Your job is to set down the stretch of entries that opens with the line containing "2021 Porsche Macan Macan" and closes with the line containing "Y.JIA Yijia 2026". Keep both end lines, copy each exactly, and add nothing.

Material provided ▸

*** Block opens ***

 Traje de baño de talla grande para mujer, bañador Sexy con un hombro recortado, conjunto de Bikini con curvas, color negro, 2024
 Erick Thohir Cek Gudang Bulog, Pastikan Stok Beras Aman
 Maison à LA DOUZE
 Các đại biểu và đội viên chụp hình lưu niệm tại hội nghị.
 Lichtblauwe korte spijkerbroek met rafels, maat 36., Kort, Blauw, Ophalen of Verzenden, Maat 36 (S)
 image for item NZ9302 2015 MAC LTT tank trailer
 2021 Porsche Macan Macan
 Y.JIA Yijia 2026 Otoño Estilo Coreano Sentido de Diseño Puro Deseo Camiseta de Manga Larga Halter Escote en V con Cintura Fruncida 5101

*** Block closes ***
*** Block opens ***

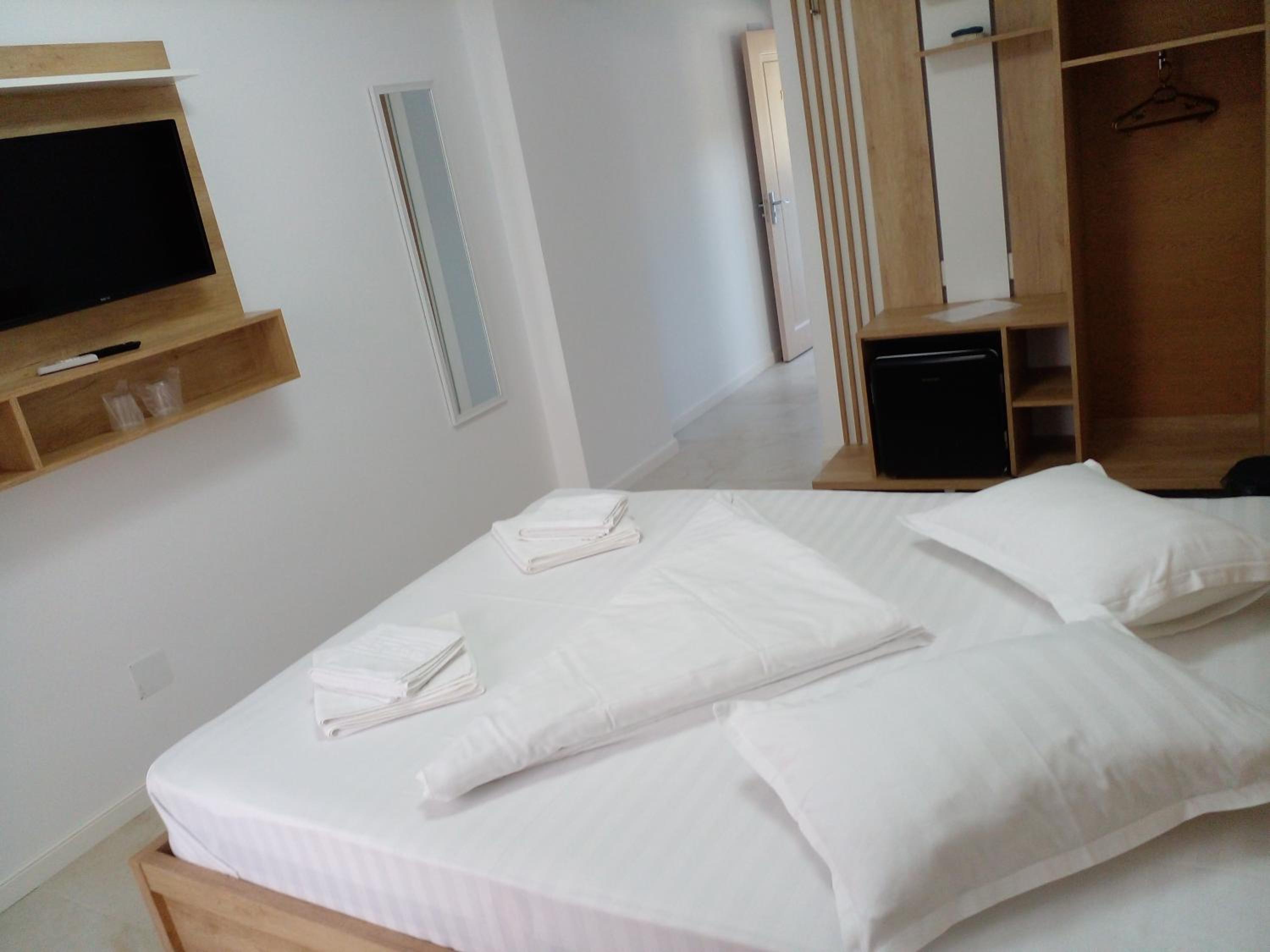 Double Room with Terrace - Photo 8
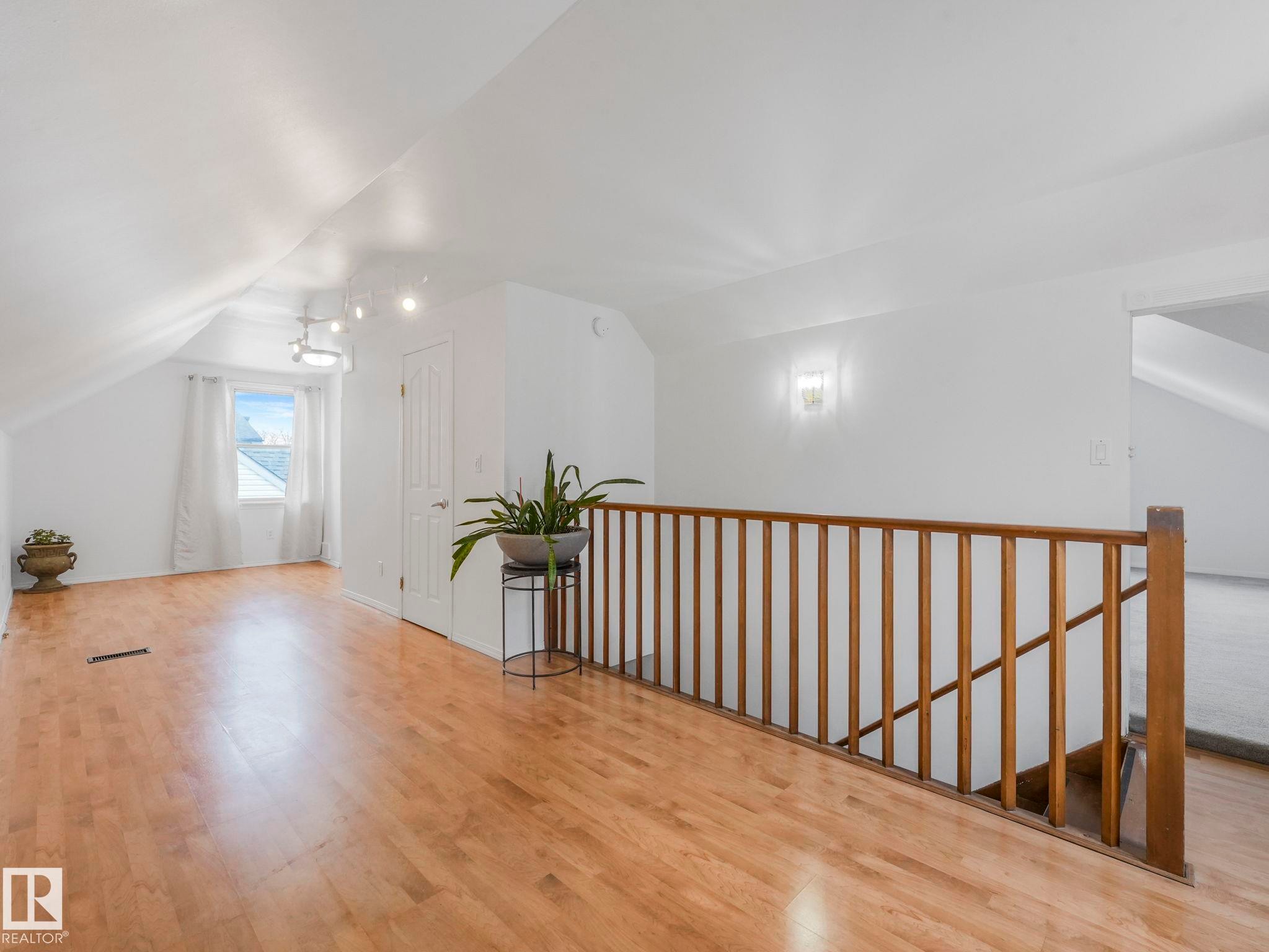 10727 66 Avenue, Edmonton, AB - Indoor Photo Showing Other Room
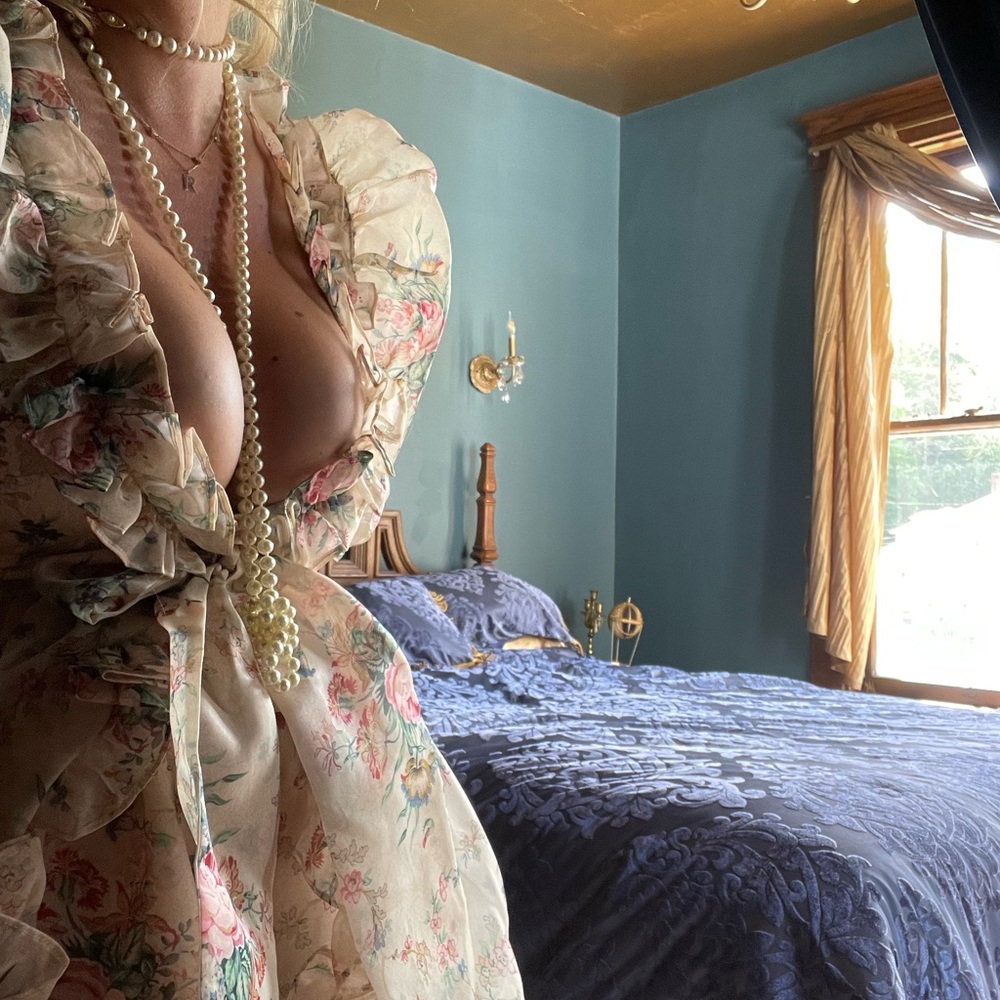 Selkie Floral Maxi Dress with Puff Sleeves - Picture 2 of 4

*** Block closes ***
*** Block opens ***

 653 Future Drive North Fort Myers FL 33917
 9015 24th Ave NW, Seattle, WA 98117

*** Block closes ***

Expected output ▸
 2021 Porsche Macan Macan
 Y.JIA Yijia 2026 Otoño Estilo Coreano Sentido de Diseño Puro Deseo Camiseta de Manga Larga Halter Escote en V con Cintura Fruncida 5101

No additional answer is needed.